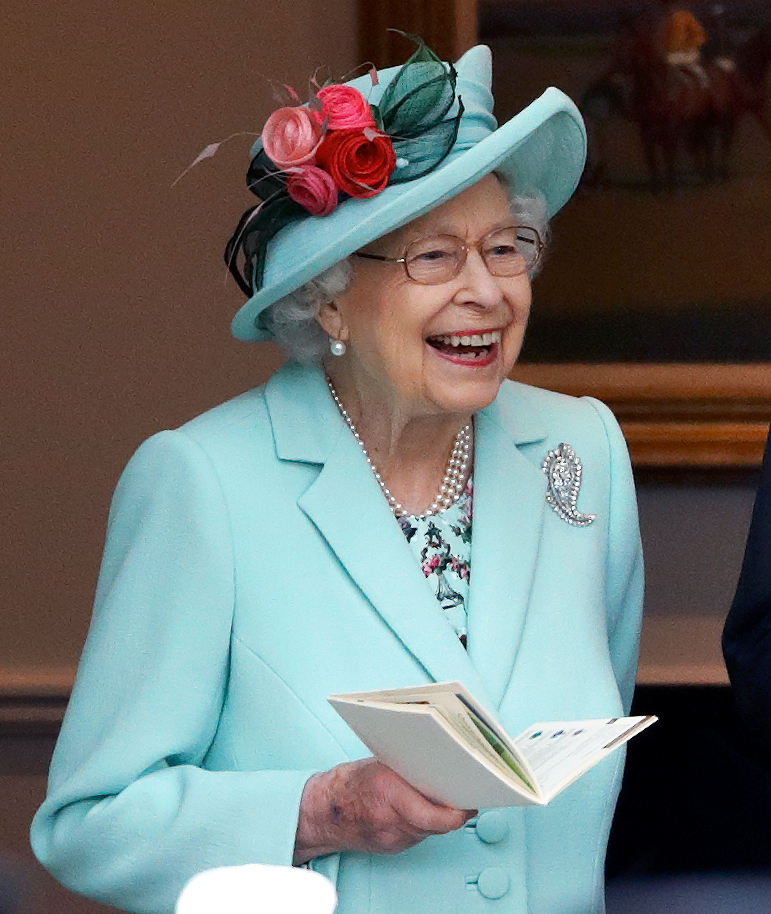 The Queen will celebrate her 70 years on the throne this weekend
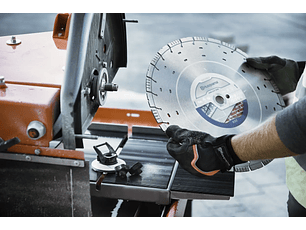 Disco Diamante para Betão Ø350x25,4/20x3,2mm VARI-CUT™ S50 PLUS HUSQVARNA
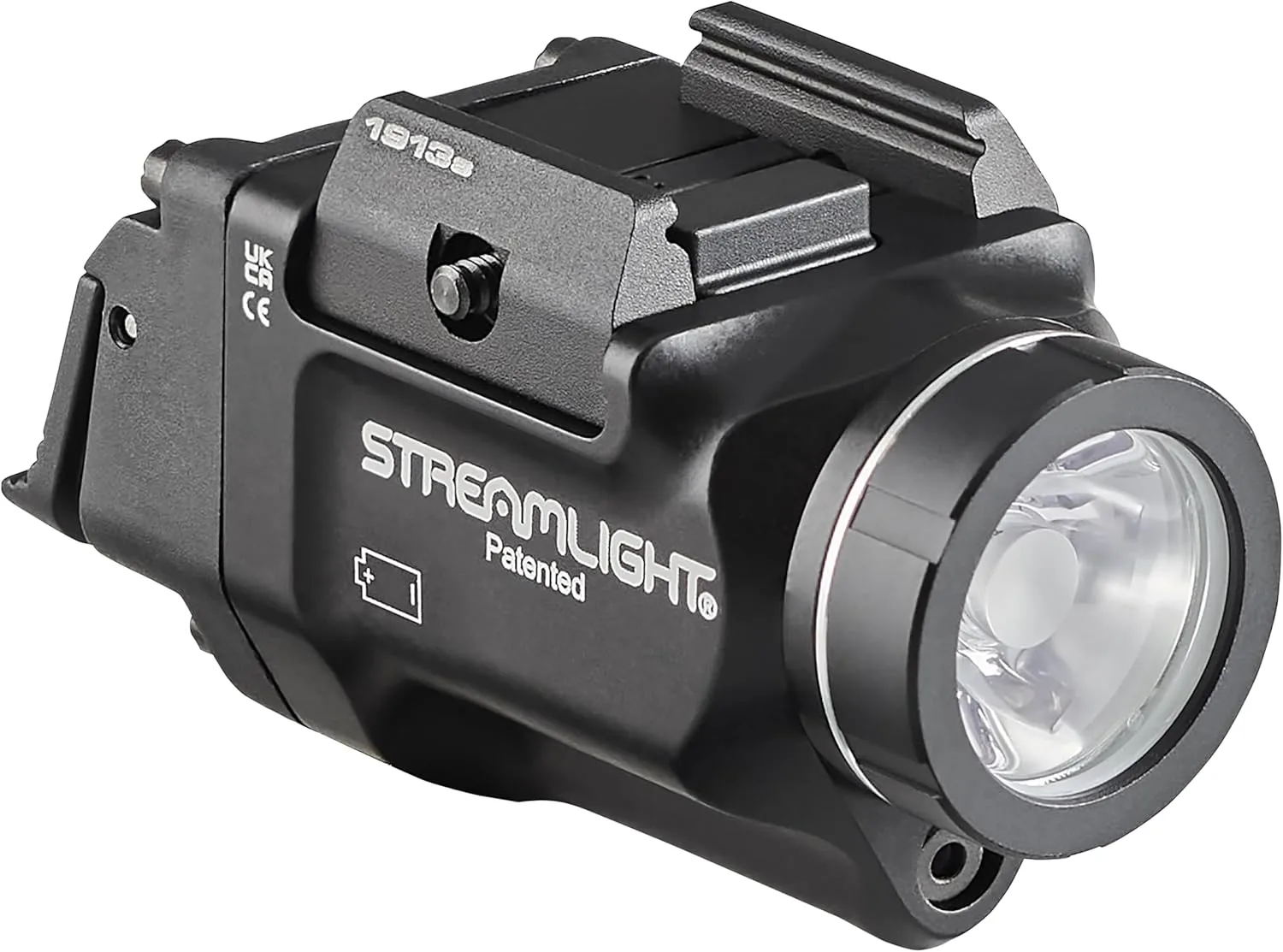 Streamlight 69478 TLR-8 HL-X G sub USB 1000-Lumen Weapon Rail-Mounted Rechargeable Tactical Flashlight with Integrated Green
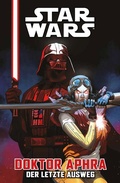 Cover: Star Wars Comics: Doktor Aphra - Panini Verlags GmbH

### Activity
Starting with the top line, write out all the data above exactly; keep the pictures out.

### Answer to the problem
 The Queen will celebrate her 70 years on the throne this weekend
 Disco Diamante para Betão Ø350x25,4/20x3,2mm VARI-CUT™ S50 PLUS HUSQVARNA
 Streamlight 69478 TLR-8 HL-X G sub USB 1000-Lumen Weapon Rail-Mounted Rechargeable Tactical Flashlight with Integrated Green
 Cover: Star Wars Comics: Doktor Aphra - Panini Verlags GmbH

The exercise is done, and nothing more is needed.